## WORK TO BE COMPLETED
List all lines in the material below that contain "image".

★ ★ ★ ★ ★

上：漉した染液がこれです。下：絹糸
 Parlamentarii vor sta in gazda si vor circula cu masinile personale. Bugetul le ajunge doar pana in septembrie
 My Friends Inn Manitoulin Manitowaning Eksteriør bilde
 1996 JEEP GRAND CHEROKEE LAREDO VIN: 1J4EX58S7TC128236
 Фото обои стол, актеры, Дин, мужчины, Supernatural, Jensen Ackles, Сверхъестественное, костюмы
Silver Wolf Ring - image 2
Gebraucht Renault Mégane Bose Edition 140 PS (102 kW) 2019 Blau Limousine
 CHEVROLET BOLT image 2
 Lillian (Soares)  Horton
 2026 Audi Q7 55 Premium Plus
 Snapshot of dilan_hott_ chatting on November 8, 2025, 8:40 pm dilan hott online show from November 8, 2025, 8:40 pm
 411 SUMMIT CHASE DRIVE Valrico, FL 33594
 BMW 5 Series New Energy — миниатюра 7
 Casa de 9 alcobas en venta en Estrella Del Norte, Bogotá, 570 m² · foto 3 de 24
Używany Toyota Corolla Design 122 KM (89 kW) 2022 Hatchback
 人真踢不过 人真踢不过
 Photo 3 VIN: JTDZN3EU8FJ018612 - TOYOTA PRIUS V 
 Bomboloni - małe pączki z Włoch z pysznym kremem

★ ★ ★ ★ ★

## ANSWER
Silver Wolf Ring - image 2
 CHEVROLET BOLT image 2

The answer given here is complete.